Set down exactly the lines that run from the one containing "Freight wagons of" to the end of the material below, both included, without pictures.

**RECORD EXCERPTS:**
=======
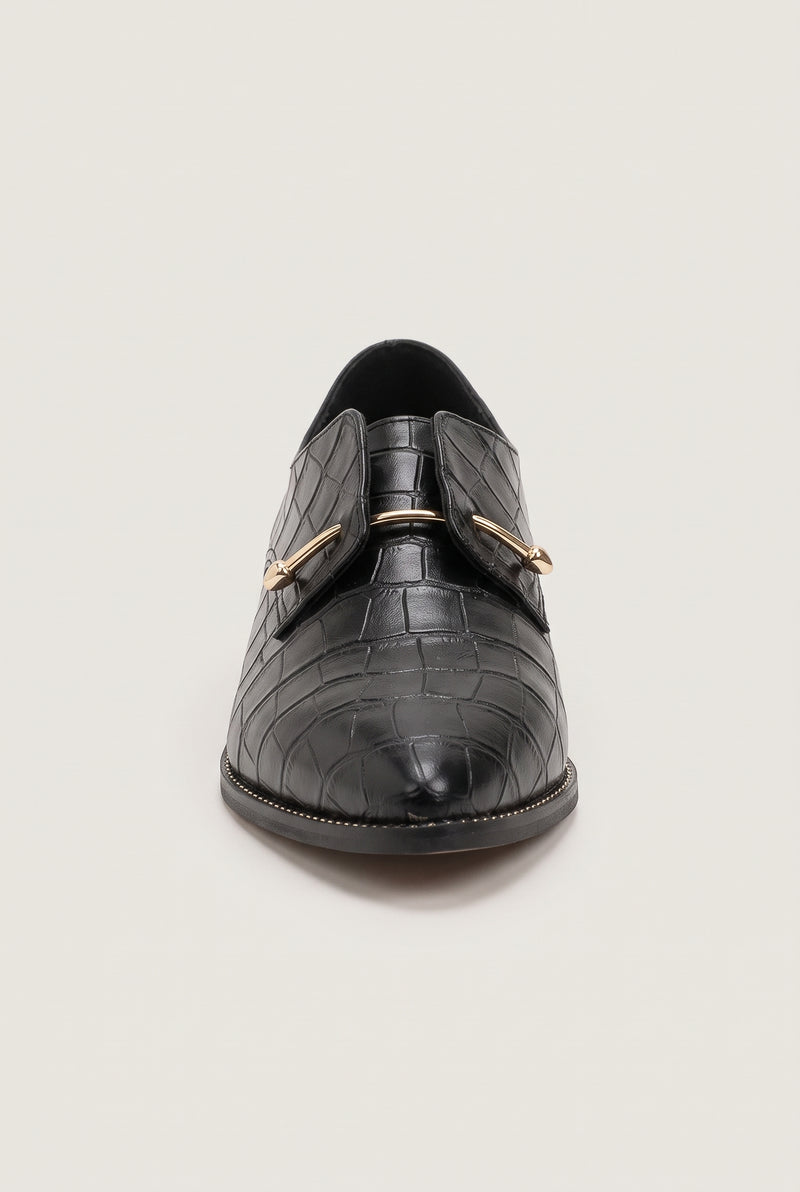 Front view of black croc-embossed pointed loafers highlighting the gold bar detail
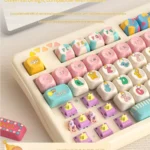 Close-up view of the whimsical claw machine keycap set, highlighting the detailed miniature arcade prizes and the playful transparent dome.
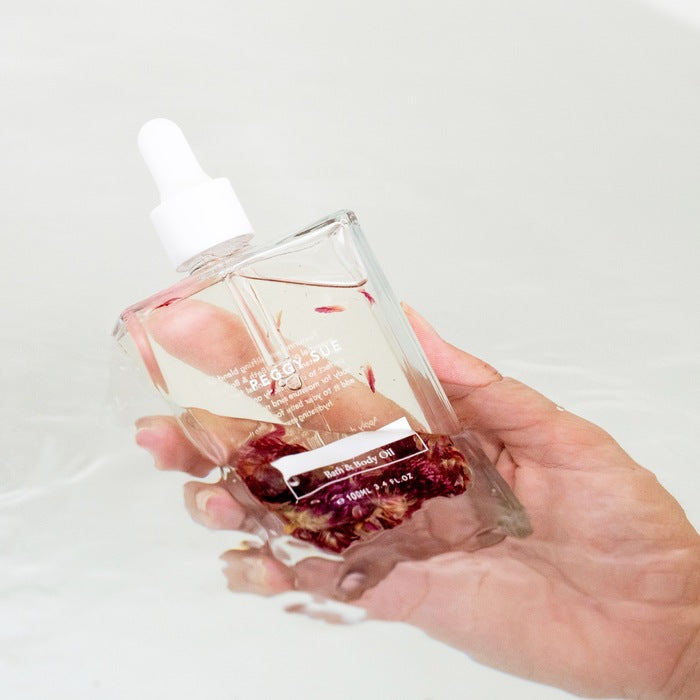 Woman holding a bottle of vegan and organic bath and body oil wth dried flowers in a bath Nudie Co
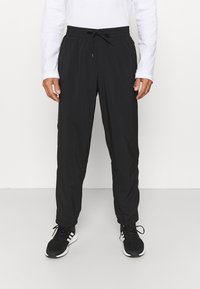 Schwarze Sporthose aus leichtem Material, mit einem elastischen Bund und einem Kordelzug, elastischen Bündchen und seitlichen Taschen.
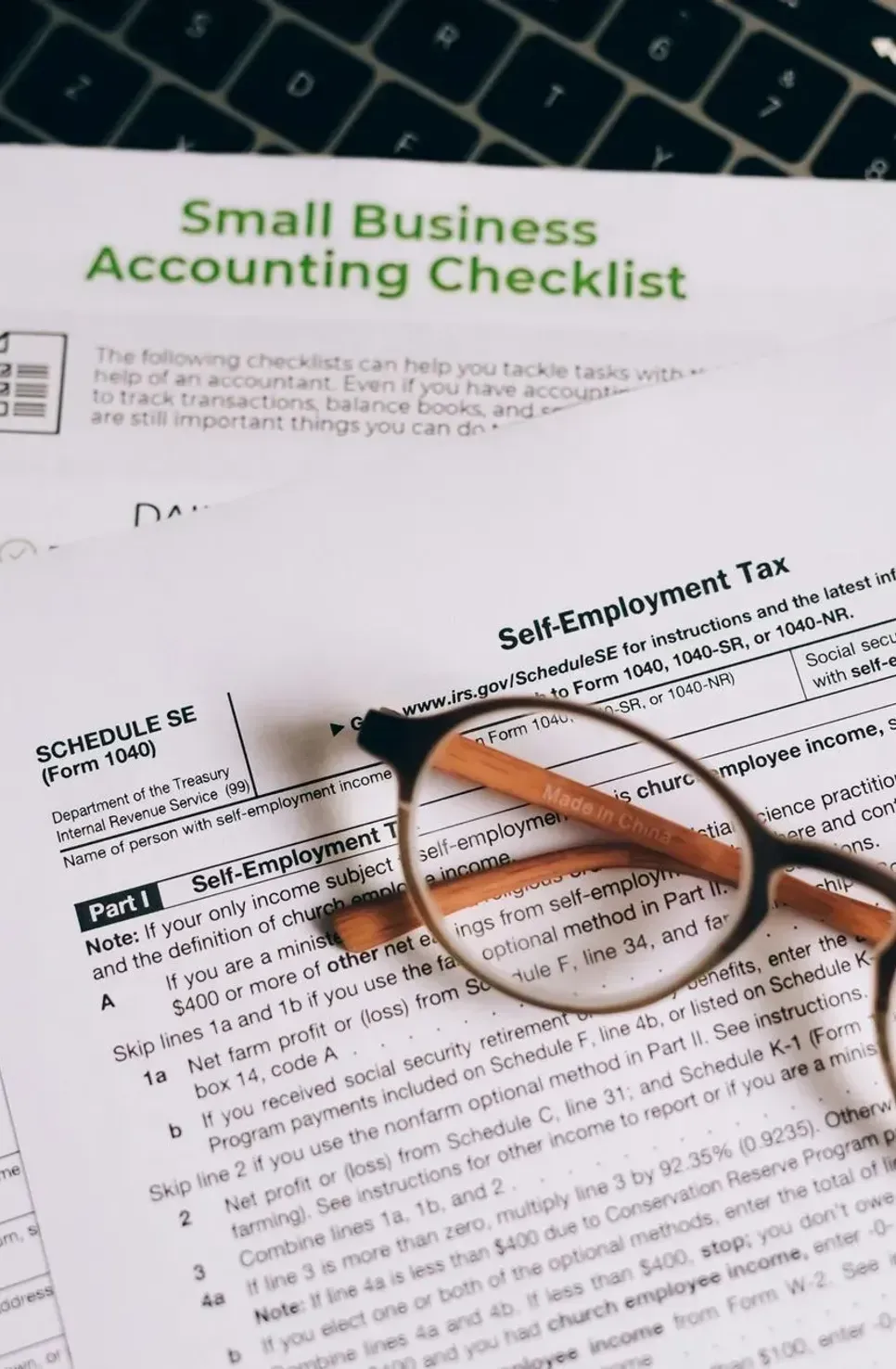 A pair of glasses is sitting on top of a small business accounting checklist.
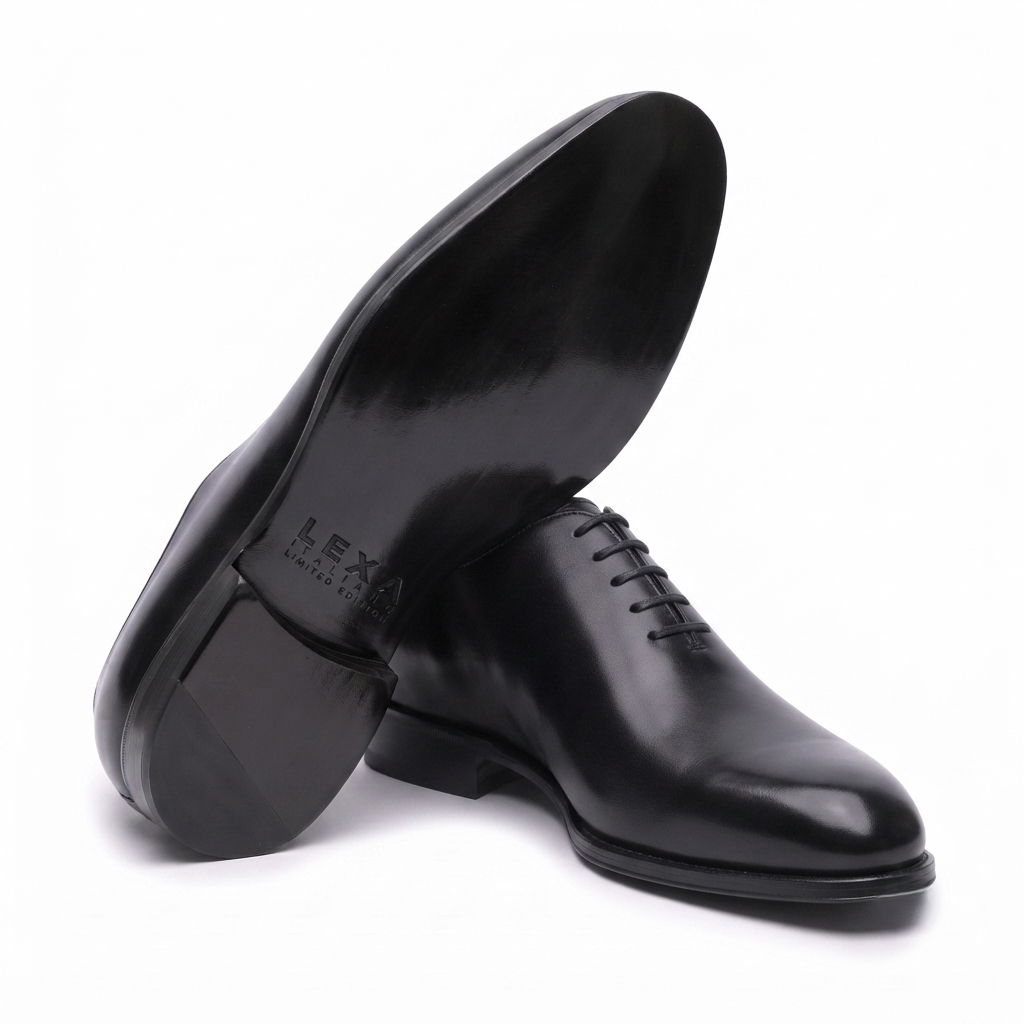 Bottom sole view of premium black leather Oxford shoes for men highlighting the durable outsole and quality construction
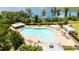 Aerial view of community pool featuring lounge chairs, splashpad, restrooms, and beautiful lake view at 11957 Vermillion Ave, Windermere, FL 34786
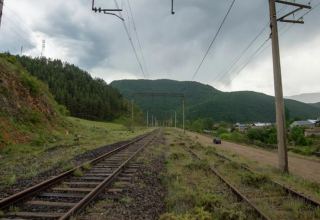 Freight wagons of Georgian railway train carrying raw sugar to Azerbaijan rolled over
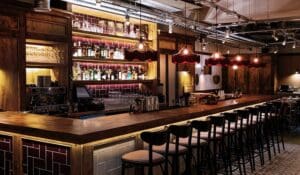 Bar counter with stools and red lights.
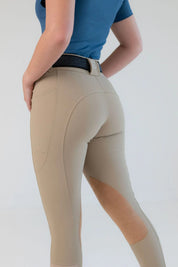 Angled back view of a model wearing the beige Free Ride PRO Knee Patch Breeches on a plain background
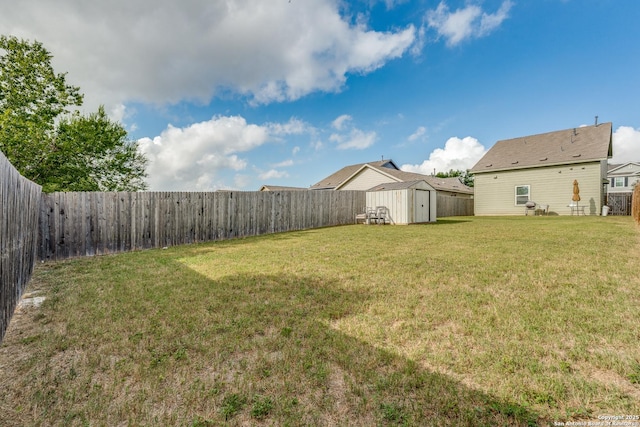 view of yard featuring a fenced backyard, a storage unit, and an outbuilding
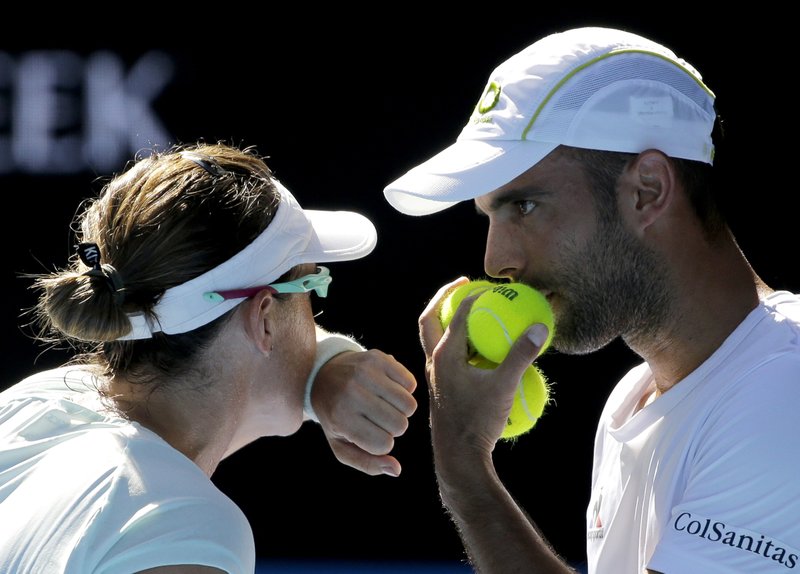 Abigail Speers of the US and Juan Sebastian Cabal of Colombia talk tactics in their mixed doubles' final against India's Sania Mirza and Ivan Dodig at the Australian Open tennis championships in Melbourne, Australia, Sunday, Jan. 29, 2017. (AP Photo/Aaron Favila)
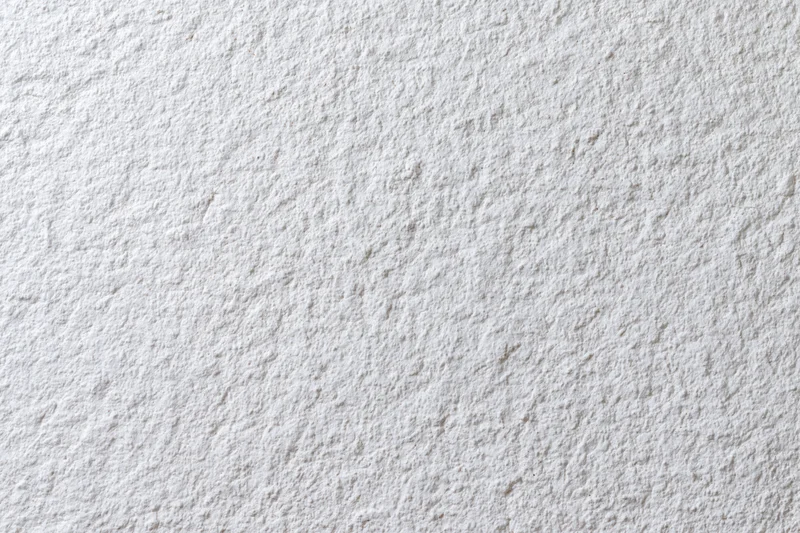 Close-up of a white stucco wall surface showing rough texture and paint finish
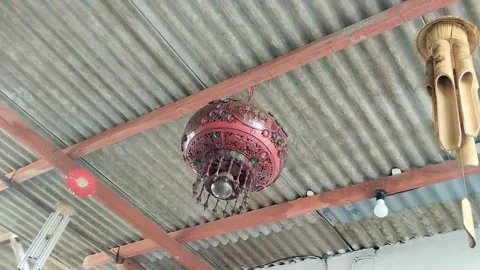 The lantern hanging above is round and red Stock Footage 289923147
=======
**SOLUTION TO THE EXERCISE:**
 Freight wagons of Georgian railway train carrying raw sugar to Azerbaijan rolled over
 Bar counter with stools and red lights.
 Angled back view of a model wearing the beige Free Ride PRO Knee Patch Breeches on a plain background
 view of yard featuring a fenced backyard, a storage unit, and an outbuilding
 Abigail Speers of the US and Juan Sebastian Cabal of Colombia talk tactics in their mixed doubles' final against India's Sania Mirza and Ivan Dodig at the Australian Open tennis championships in Melbourne, Australia, Sunday, Jan. 29, 2017. (AP Photo/Aaron Favila)
 Close-up of a white stucco wall surface showing rough texture and paint finish
 The lantern hanging above is round and red Stock Footage 289923147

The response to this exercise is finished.